> [Your assignment]:
Each line below from the one containing "OLD NAVY, MULTICOLOR" through the one containing "Custom Golf Long" should be output exactly as it stands, and no other line should appear.
(Records to process Opens)
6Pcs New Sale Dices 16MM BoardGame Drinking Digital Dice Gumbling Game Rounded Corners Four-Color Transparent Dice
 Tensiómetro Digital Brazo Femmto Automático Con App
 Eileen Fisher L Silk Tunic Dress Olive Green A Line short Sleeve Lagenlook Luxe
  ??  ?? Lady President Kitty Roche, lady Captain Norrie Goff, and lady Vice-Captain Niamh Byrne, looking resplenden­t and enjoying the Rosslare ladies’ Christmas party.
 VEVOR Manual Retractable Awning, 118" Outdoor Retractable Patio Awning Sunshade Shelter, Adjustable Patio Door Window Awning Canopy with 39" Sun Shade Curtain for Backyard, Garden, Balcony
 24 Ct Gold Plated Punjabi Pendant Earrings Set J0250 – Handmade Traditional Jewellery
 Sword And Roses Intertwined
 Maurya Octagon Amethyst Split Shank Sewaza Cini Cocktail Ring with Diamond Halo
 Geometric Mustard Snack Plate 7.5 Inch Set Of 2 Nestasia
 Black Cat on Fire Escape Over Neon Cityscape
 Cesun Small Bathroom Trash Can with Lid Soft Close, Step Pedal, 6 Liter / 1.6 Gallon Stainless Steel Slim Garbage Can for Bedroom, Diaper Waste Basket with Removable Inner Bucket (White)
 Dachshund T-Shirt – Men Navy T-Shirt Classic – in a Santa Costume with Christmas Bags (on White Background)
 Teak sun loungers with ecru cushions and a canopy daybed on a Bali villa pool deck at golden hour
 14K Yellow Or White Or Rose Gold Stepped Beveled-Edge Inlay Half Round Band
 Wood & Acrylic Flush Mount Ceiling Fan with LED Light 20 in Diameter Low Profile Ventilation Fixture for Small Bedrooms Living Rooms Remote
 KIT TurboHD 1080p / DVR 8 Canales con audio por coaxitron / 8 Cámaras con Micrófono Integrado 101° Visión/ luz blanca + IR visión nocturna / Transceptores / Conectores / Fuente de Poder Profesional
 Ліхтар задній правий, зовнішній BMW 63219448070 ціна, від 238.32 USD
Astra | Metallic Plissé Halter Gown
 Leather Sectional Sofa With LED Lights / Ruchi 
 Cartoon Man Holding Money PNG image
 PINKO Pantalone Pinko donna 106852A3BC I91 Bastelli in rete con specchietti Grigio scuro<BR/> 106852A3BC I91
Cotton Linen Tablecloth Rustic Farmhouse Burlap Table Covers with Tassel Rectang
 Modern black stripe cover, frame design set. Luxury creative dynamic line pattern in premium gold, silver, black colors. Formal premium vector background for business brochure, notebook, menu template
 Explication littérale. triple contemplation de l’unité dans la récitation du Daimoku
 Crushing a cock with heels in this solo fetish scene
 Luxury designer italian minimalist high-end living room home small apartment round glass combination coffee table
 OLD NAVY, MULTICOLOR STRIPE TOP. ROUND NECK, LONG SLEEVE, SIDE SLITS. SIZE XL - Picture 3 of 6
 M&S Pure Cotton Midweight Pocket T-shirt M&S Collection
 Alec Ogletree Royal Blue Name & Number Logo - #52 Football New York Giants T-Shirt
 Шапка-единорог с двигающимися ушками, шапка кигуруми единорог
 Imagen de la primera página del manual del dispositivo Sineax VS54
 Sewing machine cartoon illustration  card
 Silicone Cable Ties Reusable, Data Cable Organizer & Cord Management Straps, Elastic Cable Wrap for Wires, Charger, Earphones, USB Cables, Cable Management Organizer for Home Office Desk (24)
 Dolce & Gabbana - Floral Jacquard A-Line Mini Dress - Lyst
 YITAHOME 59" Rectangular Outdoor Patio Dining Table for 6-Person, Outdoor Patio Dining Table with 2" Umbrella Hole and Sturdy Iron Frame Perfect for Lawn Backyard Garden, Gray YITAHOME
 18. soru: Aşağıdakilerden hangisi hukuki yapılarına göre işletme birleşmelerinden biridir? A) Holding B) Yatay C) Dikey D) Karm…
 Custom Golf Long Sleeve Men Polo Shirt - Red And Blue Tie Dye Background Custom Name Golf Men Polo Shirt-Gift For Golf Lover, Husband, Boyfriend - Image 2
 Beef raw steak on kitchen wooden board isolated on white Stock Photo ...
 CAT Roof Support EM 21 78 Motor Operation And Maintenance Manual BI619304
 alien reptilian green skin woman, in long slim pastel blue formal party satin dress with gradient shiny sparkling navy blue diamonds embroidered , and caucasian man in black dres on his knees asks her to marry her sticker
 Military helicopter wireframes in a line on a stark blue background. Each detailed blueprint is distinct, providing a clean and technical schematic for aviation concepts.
(Records to process Closes)
> [Response area]:
 OLD NAVY, MULTICOLOR STRIPE TOP. ROUND NECK, LONG SLEEVE, SIDE SLITS. SIZE XL - Picture 3 of 6
 M&S Pure Cotton Midweight Pocket T-shirt M&S Collection
 Alec Ogletree Royal Blue Name & Number Logo - #52 Football New York Giants T-Shirt
 Шапка-единорог с двигающимися ушками, шапка кигуруми единорог
 Imagen de la primera página del manual del dispositivo Sineax VS54
 Sewing machine cartoon illustration  card
 Silicone Cable Ties Reusable, Data Cable Organizer & Cord Management Straps, Elastic Cable Wrap for Wires, Charger, Earphones, USB Cables, Cable Management Organizer for Home Office Desk (24)
 Dolce & Gabbana - Floral Jacquard A-Line Mini Dress - Lyst
 YITAHOME 59" Rectangular Outdoor Patio Dining Table for 6-Person, Outdoor Patio Dining Table with 2" Umbrella Hole and Sturdy Iron Frame Perfect for Lawn Backyard Garden, Gray YITAHOME
 18. soru: Aşağıdakilerden hangisi hukuki yapılarına göre işletme birleşmelerinden biridir? A) Holding B) Yatay C) Dikey D) Karm…
 Custom Golf Long Sleeve Men Polo Shirt - Red And Blue Tie Dye Background Custom Name Golf Men Polo Shirt-Gift For Golf Lover, Husband, Boyfriend - Image 2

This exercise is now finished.